If not, there any reason to be confident that the (possibly lower) market costs of catastrophic care could not be used as a valuable tool for helping people, including potential recipients, in making appropriately humane value judgments about whether such care is really beneficial to the human family?

We can indulge a (cautious) confidence on the matter, provided that we're clear on the distinction between catastrophic end-of-life interventions and expensive mid-life interventions, avoiding the trend of the insurance industry to declare "end of life!" whenever someone simply requires a costly treatment, but could live decades longer should he receive it.

It is hard to understand how someone who is poor or middle class can have a right to care today that 20 years ago could not have been had at any price.

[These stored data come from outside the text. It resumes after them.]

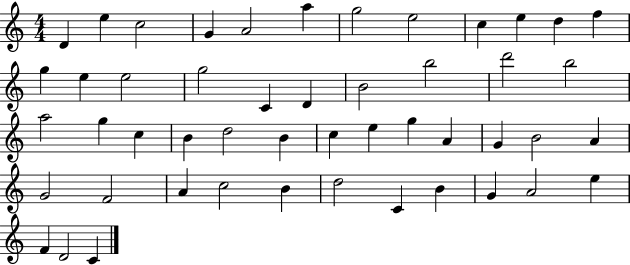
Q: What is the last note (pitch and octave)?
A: C4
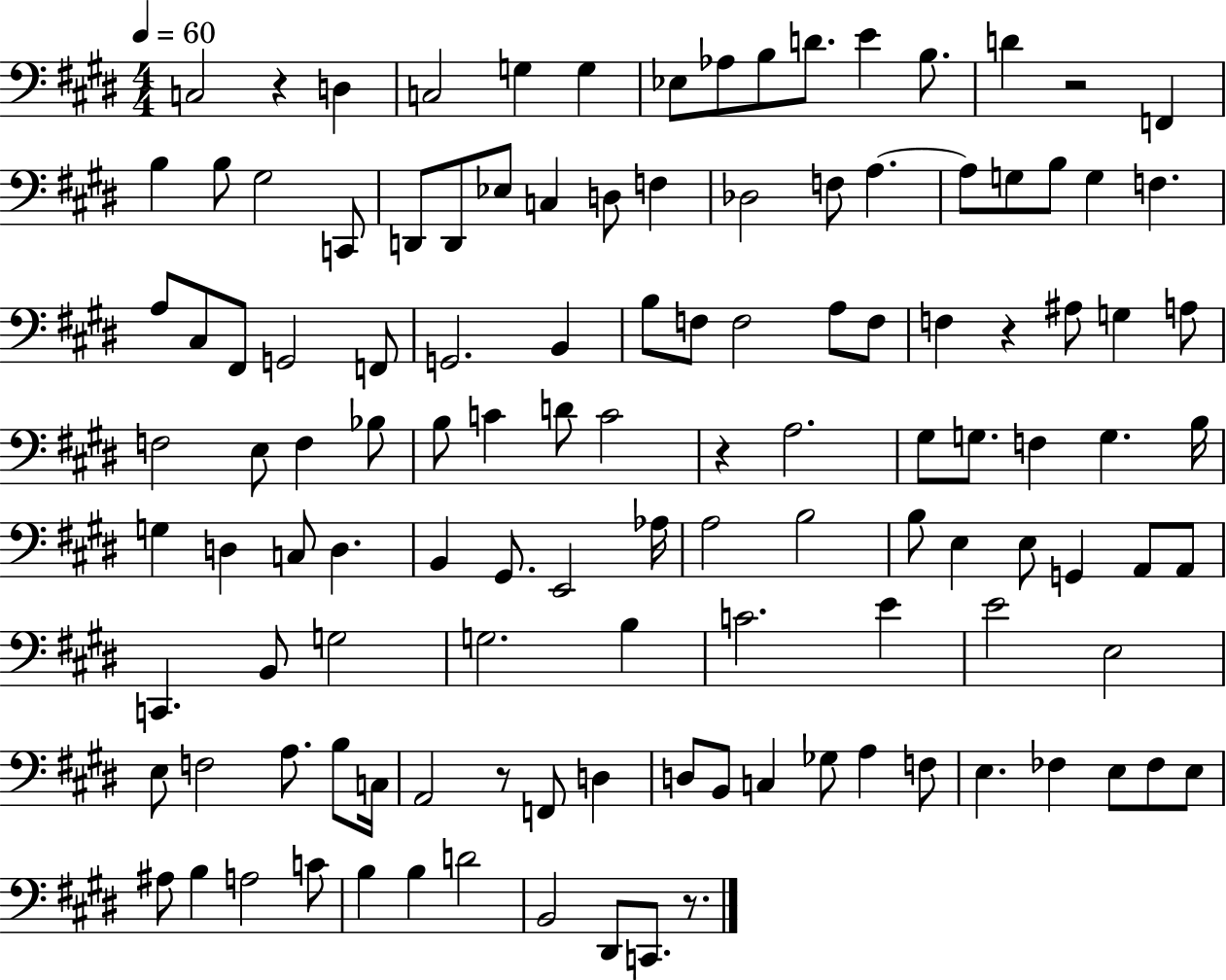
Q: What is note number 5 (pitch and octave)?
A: G3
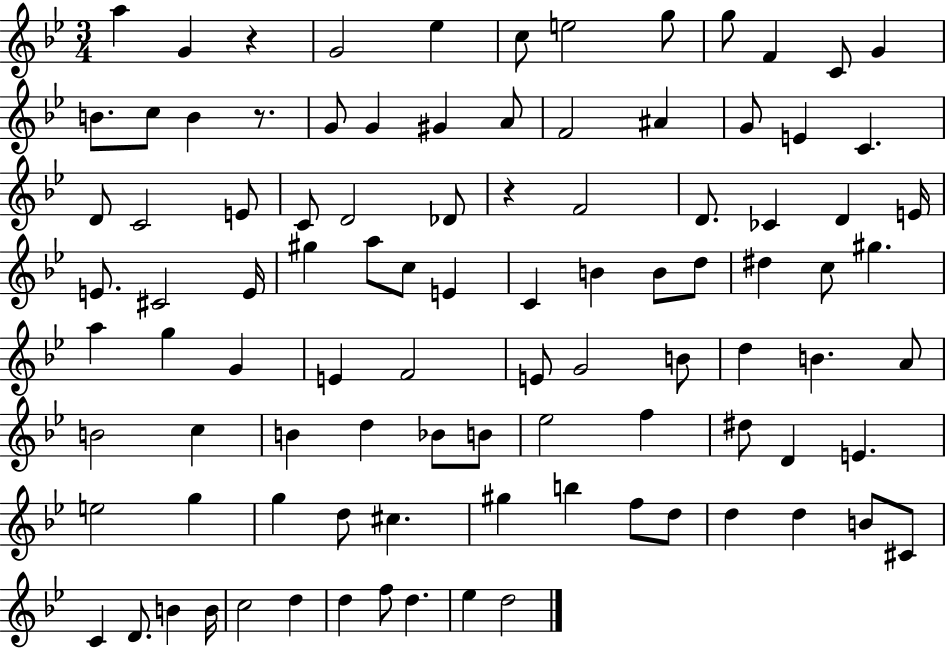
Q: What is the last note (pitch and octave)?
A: D5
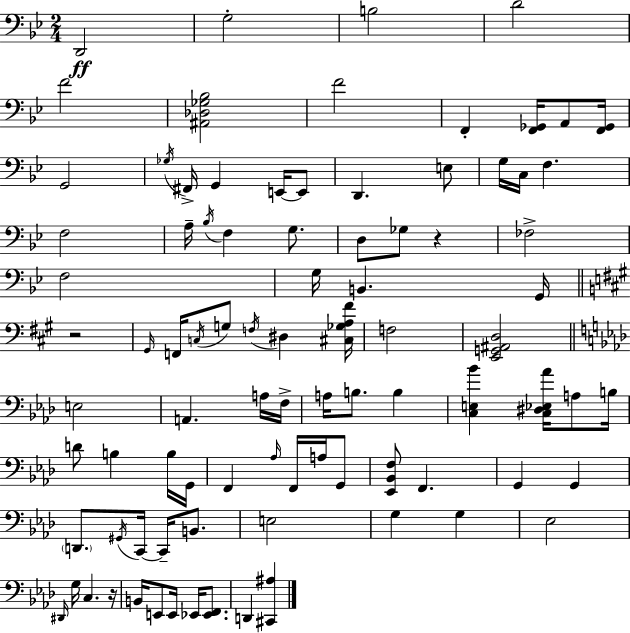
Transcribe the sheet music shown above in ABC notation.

X:1
T:Untitled
M:2/4
L:1/4
K:Bb
D,,2 G,2 B,2 D2 F2 [^A,,_D,_G,_B,]2 F2 F,, [F,,_G,,]/4 A,,/2 [F,,_G,,]/4 G,,2 _G,/4 ^F,,/4 G,, E,,/4 E,,/2 D,, E,/2 G,/4 C,/4 F, F,2 A,/4 _B,/4 F, G,/2 D,/2 _G,/2 z _F,2 F,2 G,/4 B,, G,,/4 z2 ^G,,/4 F,,/4 C,/4 G,/2 F,/4 ^D, [^C,_G,A,^F]/4 F,2 [E,,G,,^A,,D,]2 E,2 A,, A,/4 F,/4 A,/4 B,/2 B, [C,E,_B] [C,^D,_E,_A]/4 A,/2 B,/4 D/2 B, B,/4 G,,/4 F,, _A,/4 F,,/4 A,/4 G,,/2 [_E,,_B,,F,]/2 F,, G,, G,, D,,/2 ^G,,/4 C,,/4 C,,/4 B,,/2 E,2 G, G, _E,2 ^D,,/4 G,/4 C, z/4 B,,/4 E,,/2 E,,/4 _E,,/4 [_E,,F,,]/2 D,, [^C,,^A,]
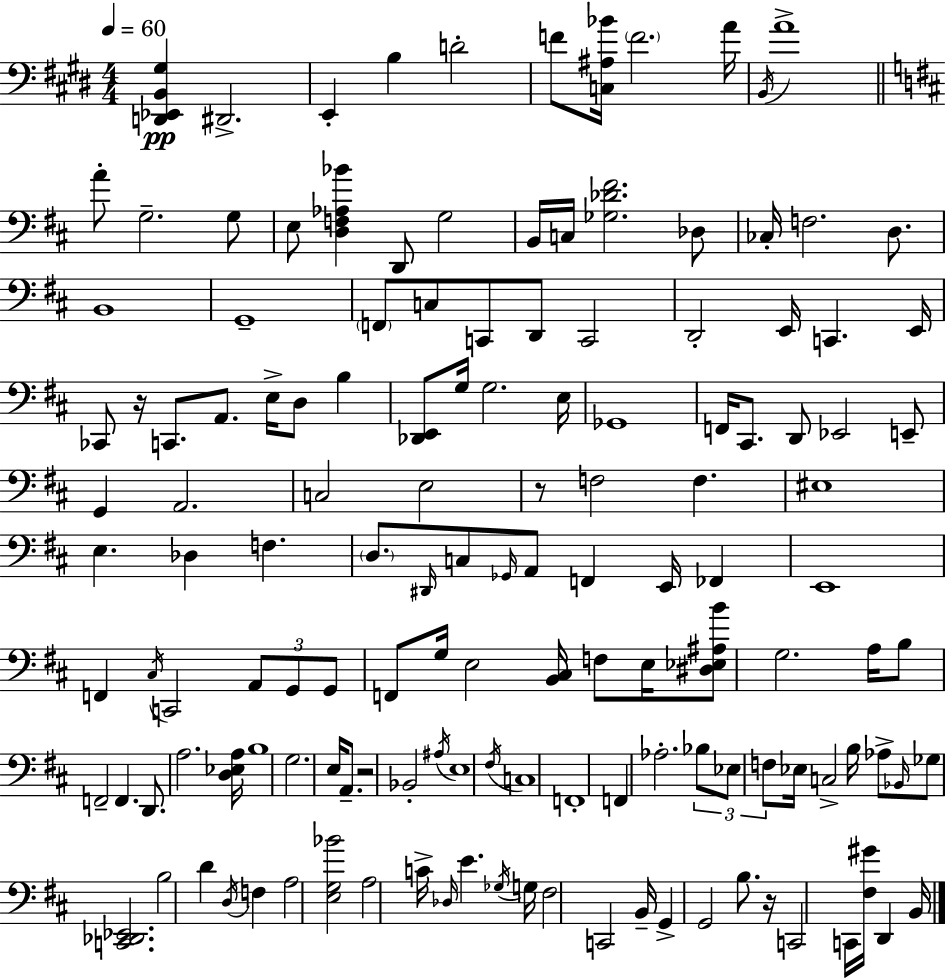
X:1
T:Untitled
M:4/4
L:1/4
K:E
[D,,_E,,B,,^G,] ^D,,2 E,, B, D2 F/2 [C,^A,_B]/4 F2 A/4 B,,/4 A4 A/2 G,2 G,/2 E,/2 [D,F,_A,_B] D,,/2 G,2 B,,/4 C,/4 [_G,_D^F]2 _D,/2 _C,/4 F,2 D,/2 B,,4 G,,4 F,,/2 C,/2 C,,/2 D,,/2 C,,2 D,,2 E,,/4 C,, E,,/4 _C,,/2 z/4 C,,/2 A,,/2 E,/4 D,/2 B, [_D,,E,,]/2 G,/4 G,2 E,/4 _G,,4 F,,/4 ^C,,/2 D,,/2 _E,,2 E,,/2 G,, A,,2 C,2 E,2 z/2 F,2 F, ^E,4 E, _D, F, D,/2 ^D,,/4 C,/2 _G,,/4 A,,/2 F,, E,,/4 _F,, E,,4 F,, ^C,/4 C,,2 A,,/2 G,,/2 G,,/2 F,,/2 G,/4 E,2 [B,,^C,]/4 F,/2 E,/4 [^D,_E,^A,B]/2 G,2 A,/4 B,/2 F,,2 F,, D,,/2 A,2 [D,_E,A,]/4 B,4 G,2 E,/4 A,,/2 z2 _B,,2 ^A,/4 E,4 ^F,/4 C,4 F,,4 F,, _A,2 _B,/2 _E,/2 F,/2 _E,/4 C,2 B,/4 _A,/2 _B,,/4 _G,/2 [C,,_D,,_E,,]2 B,2 D D,/4 F, A,2 [E,G,_B]2 A,2 C/4 _D,/4 E _G,/4 G,/4 ^F,2 C,,2 B,,/4 G,, G,,2 B,/2 z/4 C,,2 C,,/4 [^F,^G]/4 D,, B,,/4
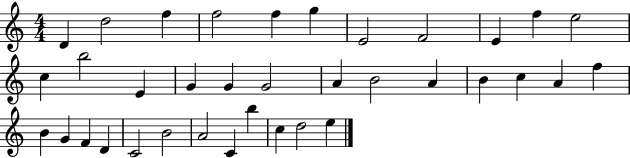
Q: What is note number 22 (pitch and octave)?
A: C5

Well, our hypothetical minimum standard of care, given the realities of technical progress, would have to be correlated to what technical progress occurs. It may be difficult to conceive of this as a matter of rights, but it is equally difficult to hypothesize a tiered medical system of 50's-style care for the proles, and cutting-edge services for the plutocracy, and square such an hypothetical system with justice.

a gratuitous market society, where people don't enjoy collecting more for the sake of having more, where they embrace the joys of giving generously, and the market works because people restrain it with higher values and principles.

At this stage of the discussion, I'll simply allude to the title of a favourite book of mine, and state that one of the purposes of the law is to make men moral, within the confines of the diversity of social goods government exists to secure.